Scaling for Big Data: An introduction
Database tech can make or break an app – but getting the fundamentals can be daunting. In this new series, Cory Isaacson breaks it all down in easily digestible chunks.
Welcome to the first article in my new column Scaling for
Big Data. This column will be an exciting project, covering a
variety of topics and techniques on scaling your database to meet
the ever-challenging requirements of the rapid growth in
transaction and data volumes.
You could say that we are currently experiencing
a data boom, with databases growing faster and larger than ever
conceived even just a few years ago. Every application depends on
its data. If you are one of those very clever developers building
the next great social media app, working on the hottest new game
technology, or concentrating on core business functions like
e-commerce or traditional enterprise functionality, then database
technology is critical to everything you do.

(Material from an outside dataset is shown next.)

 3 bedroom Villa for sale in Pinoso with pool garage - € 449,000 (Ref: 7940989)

I know from hard work and experience, that
understanding database technology is often the key to success in an
application, or the cause of untold frustration, long hours and
outright failures. Doing it right can make you a huge success, and
missing the mark can spell disaster. It can seem a daunting task to
learn everything you need to know about database technology so that
you can make the right decisions, yet the truth is all database
management systems (DBMS) work on the same principles and share the
same concepts. Once you know the fundamentals, you can understand
and utilize any database technology in an effective manner,
delivering on the promise of your application.

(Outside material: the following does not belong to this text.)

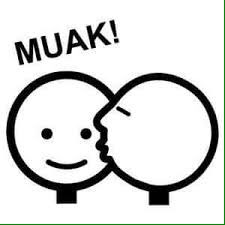 Teadapta's tweet photo. Bésame mucho.... Feliz #Diainternacionaldelbeso 
😘😘😘😘 https://t.co/H5wG0aXUK9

By way of introduction, I have been in the
software industry for over 20 years, and have run many companies,
from start-ups to established businesses. My focus has been on
database technology, either in professional services firms or
managing product companies. I have had the good fortune of working
with and learning from some of the smartest technologists in the
world, from data architects to application developers in a wide
variety of fields. From the start I have always had a passion for
database technology – the most critical element of any successful
application, and often the one that presents the most technical
In my career I’ve worked with just about every
database you can imagine, starting with Sybase, Microsoft, SQL
Server, Oracle, and in recent years focusing on the open source
offerings which of course include MySQL and PostgreSQL. And now
with the global move to Big Data, I find it important to understand
newer database technology options, including products such Hadoop,
MongoDb, Cassandra, and column databases like MonetDb and
InfoBright… the list really goes on and on.
Why is this important to you as a developer?
Because at the very heart of your application is your database
tier. It can make or break your application, and I hope that this
column will help make your database a winner.
Today we are incredibly fortunate given the wide
number of strong choices for database technology. Now there are so
many options available, giving application developers the ability
to scale data like never before. This array of options presents an
incredible number of opportunities, but also many
- How do you know which option is best for your
- Should you stick with traditional Relational Database
Management (RDBMS) options, or will newer offerings in the NoSQL or
data analytics space provide a better fit?
- How and when should you use Index engines?
- What about keeping your database reliable and operational
for a 24X7 application?
- Where does caching fit into the mix?
The truth is that no single database technology
can meet all requirements, and indeed I find that most applications
need to use more than one database technology. The reason is simple
enough – different aspects of your application have different
needs, and each DBMS engine is good at a particular type of job.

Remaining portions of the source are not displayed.